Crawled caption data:
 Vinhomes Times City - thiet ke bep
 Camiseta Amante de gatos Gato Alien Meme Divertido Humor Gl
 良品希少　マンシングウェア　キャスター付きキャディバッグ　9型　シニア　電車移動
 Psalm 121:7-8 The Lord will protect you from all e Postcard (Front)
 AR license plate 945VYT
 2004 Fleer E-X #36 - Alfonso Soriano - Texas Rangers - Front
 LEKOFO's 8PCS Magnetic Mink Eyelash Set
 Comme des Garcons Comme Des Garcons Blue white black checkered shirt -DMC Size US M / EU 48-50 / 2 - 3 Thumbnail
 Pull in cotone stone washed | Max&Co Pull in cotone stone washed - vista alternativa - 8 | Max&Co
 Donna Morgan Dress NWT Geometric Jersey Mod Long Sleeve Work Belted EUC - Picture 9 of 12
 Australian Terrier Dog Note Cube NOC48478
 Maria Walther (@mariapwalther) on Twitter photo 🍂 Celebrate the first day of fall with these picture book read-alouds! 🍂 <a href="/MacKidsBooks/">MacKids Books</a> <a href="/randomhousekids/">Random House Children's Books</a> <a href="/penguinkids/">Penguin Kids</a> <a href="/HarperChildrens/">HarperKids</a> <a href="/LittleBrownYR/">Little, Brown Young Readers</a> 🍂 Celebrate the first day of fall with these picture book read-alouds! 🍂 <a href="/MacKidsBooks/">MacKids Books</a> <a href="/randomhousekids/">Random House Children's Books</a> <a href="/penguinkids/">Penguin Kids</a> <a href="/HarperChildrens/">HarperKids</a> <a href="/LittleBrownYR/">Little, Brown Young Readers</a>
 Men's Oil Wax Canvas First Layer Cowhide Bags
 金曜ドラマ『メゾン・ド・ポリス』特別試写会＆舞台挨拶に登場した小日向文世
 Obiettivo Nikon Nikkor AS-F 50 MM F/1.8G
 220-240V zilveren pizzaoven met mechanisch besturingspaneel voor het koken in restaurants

● Work task: Every entry, from top to bottom, should be repeated word for word.

● Response to this exercise:
 Vinhomes Times City - thiet ke bep
 Camiseta Amante de gatos Gato Alien Meme Divertido Humor Gl
 良品希少　マンシングウェア　キャスター付きキャディバッグ　9型　シニア　電車移動
 Psalm 121:7-8 The Lord will protect you from all e Postcard (Front)
 AR license plate 945VYT
 2004 Fleer E-X #36 - Alfonso Soriano - Texas Rangers - Front
 LEKOFO's 8PCS Magnetic Mink Eyelash Set
 Comme des Garcons Comme Des Garcons Blue white black checkered shirt -DMC Size US M / EU 48-50 / 2 - 3 Thumbnail
 Pull in cotone stone washed | Max&Co Pull in cotone stone washed - vista alternativa - 8 | Max&Co
 Donna Morgan Dress NWT Geometric Jersey Mod Long Sleeve Work Belted EUC - Picture 9 of 12
 Australian Terrier Dog Note Cube NOC48478
 Maria Walther (@mariapwalther) on Twitter photo 🍂 Celebrate the first day of fall with these picture book read-alouds! 🍂 <a href="/MacKidsBooks/">MacKids Books</a> <a href="/randomhousekids/">Random House Children's Books</a> <a href="/penguinkids/">Penguin Kids</a> <a href="/HarperChildrens/">HarperKids</a> <a href="/LittleBrownYR/">Little, Brown Young Readers</a> 🍂 Celebrate the first day of fall with these picture book read-alouds! 🍂 <a href="/MacKidsBooks/">MacKids Books</a> <a href="/randomhousekids/">Random House Children's Books</a> <a href="/penguinkids/">Penguin Kids</a> <a href="/HarperChildrens/">HarperKids</a> <a href="/LittleBrownYR/">Little, Brown Young Readers</a>
 Men's Oil Wax Canvas First Layer Cowhide Bags
 金曜ドラマ『メゾン・ド・ポリス』特別試写会＆舞台挨拶に登場した小日向文世
 Obiettivo Nikon Nikkor AS-F 50 MM F/1.8G
 220-240V zilveren pizzaoven met mechanisch besturingspaneel voor het koken in restaurants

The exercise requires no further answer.